**WORK TO COMPLETE**
Copy nothing from the entries below except the lines from the one containing "Princess House ORCHARD" through the one containing "Wine Stoppers Metal", and copy those exactly.

**MATERIAL SUPPLIED**
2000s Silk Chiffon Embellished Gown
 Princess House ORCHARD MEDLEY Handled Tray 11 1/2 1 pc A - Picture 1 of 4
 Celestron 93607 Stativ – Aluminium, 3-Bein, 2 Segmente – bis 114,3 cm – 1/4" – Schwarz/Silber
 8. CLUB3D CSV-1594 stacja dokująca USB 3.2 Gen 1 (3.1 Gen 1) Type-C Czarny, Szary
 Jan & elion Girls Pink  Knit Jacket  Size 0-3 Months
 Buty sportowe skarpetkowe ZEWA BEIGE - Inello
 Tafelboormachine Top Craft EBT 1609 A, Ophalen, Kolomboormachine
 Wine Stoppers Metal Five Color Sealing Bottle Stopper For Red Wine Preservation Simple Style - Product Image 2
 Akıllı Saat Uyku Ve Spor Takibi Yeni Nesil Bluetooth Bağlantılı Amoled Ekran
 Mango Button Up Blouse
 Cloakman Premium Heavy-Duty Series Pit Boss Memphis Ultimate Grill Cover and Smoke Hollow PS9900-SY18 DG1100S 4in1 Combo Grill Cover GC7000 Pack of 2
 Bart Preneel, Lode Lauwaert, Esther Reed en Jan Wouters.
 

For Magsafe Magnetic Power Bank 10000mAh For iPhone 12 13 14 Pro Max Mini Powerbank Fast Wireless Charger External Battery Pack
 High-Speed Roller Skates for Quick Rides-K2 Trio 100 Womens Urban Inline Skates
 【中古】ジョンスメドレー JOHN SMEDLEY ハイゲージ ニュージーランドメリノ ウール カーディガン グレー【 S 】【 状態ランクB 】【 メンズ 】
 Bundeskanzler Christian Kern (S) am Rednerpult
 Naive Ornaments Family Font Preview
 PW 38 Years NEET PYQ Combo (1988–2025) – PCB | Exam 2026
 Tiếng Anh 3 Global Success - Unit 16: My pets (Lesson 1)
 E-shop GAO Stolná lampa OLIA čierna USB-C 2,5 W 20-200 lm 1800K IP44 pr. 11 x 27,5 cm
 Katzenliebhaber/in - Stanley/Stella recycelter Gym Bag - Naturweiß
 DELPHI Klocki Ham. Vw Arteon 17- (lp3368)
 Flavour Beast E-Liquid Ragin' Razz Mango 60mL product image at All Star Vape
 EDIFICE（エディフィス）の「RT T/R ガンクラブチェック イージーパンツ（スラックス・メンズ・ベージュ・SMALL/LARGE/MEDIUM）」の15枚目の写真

**EXERCISE OUTPUT**
 Princess House ORCHARD MEDLEY Handled Tray 11 1/2 1 pc A - Picture 1 of 4
 Celestron 93607 Stativ – Aluminium, 3-Bein, 2 Segmente – bis 114,3 cm – 1/4" – Schwarz/Silber
 8. CLUB3D CSV-1594 stacja dokująca USB 3.2 Gen 1 (3.1 Gen 1) Type-C Czarny, Szary
 Jan & elion Girls Pink  Knit Jacket  Size 0-3 Months
 Buty sportowe skarpetkowe ZEWA BEIGE - Inello
 Tafelboormachine Top Craft EBT 1609 A, Ophalen, Kolomboormachine
 Wine Stoppers Metal Five Color Sealing Bottle Stopper For Red Wine Preservation Simple Style - Product Image 2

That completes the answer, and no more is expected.